Plenair Otten bij debat over het eindrapport van de staatscommissie parlementair stelsel, het eerste deel van de kabinetsreactie, de uitvoering van de motie-Schalk c.s. en de met de regering gevoerde correspondentie over dit onderwerp



Verslag van de vergadering van 4 februari 2020 (2019/2020 nr. 19)

Status: gecorrigeerd

Aanvang: 15.37 uur


Bekijk de video van deze spreekbeurt

De heer Otten i (Fractie-Otten):

Voorzitter. In 2014 begon de discussie die wij vandaag voeren met een motie hier in de Eerste Kamer die uiteindelijk leidde tot het rapport Lage drempels hoge dijken: Democratie en rechtsstaat in balans van de commissie-Remkes, het rapport dat wij hier vandaag bespreken. We zijn nu zes jaar verder en bespreken nu pas de aanbevelingen van de commissie-Remkes, die al een jaar geleden haar rapport publiceerde. Zo gaat dat in Nederland polderland.

De problemen die de commissie-Remkes identificeert, namelijk een groeiende disconnectie tussen kiezer en gekozene, een openbaar bestuur dat de burgers weliswaar steeds meer kost middels 80 miljard per jaar, 10% van ons bnp, maar steeds gebrekkiger functioneert, onvoldoende resultaten oplevert voor de kiezers en vooral resulteert in overleg, heel veel overleg. Maar de kiezers schieten er weinig mee op.

Dezelfde zorgen die hier in de Eerste Kamer leefden in 2014 leven, ook al jaren bij de mensen van de GO. De kabinetten-Rutte, die de economische crisis verergerden door beleidsfouten en soms pure onkunde, met een gedwee en weinig assertief beleid richting de EU, waardoor Nederland door Mark Rutte is omgevormd tot een effectief wingewest voor Brussel, waar Nederland al jaren de hoogste nettobetaler is. Inmiddels wil de EU nog meer geld van ons. De regering zou een voorbeeld moeten nemen aan de regering-Kurz in Oostenrijk, die al met een veto heeft gedreigd. Hiertoe heb ik de minister-president een aantal maanden geleden in deze Kamer ook al opgeroepen.
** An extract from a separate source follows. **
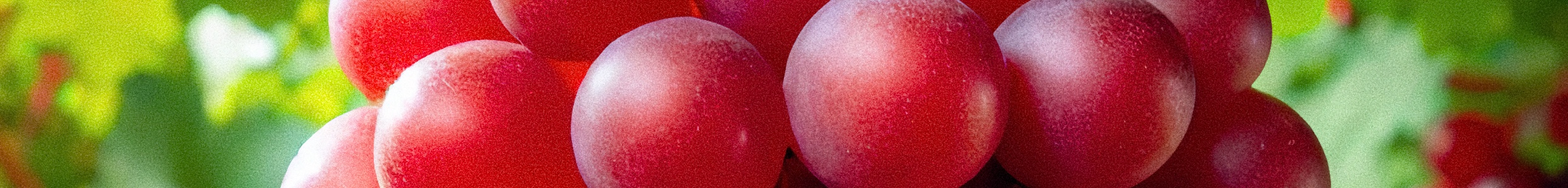 grape red globe san luka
Ook is de koopkracht jarenlang uitgehold, worden de pensioenen gekort, hebben we de idioot dure klimaatplannen, die nog verergerd zijn door VVD-minister Wiebes, die op een achternamiddag besloot om met de gaswinning in Groningen te stoppen en die het land met beste gasinfrastructuur ter wereld van het gas wil afhalen, en is er natuurlijk de immigratie, die maar niet effectief wordt beteugeld.

Hoe komt dit? Dit komt doordat we in Nederland mensen aan de knoppen hebben die deze problemen niet kunnen of niet willen aanpakken. Maar ook doordat we een overheid hebben die burgers lastigvalt met slecht doordachte stelselherzieningen, ondoordachte wetgeving zoals de PAS rondom de stikstof, de Omgevingswet, die nu wordt ingevoerd en die uitvoeringsfouten maakt, en die falende ICT-projecten start. Dit is een overheid die, als de zaak echt spaak loopt, maar mondjesmaat verantwoordelijkheid neemt voor haar handelen, zoals bij de toeslagenaffaire en bij de afwikkeling van de schade door de gasboringen in Groningen.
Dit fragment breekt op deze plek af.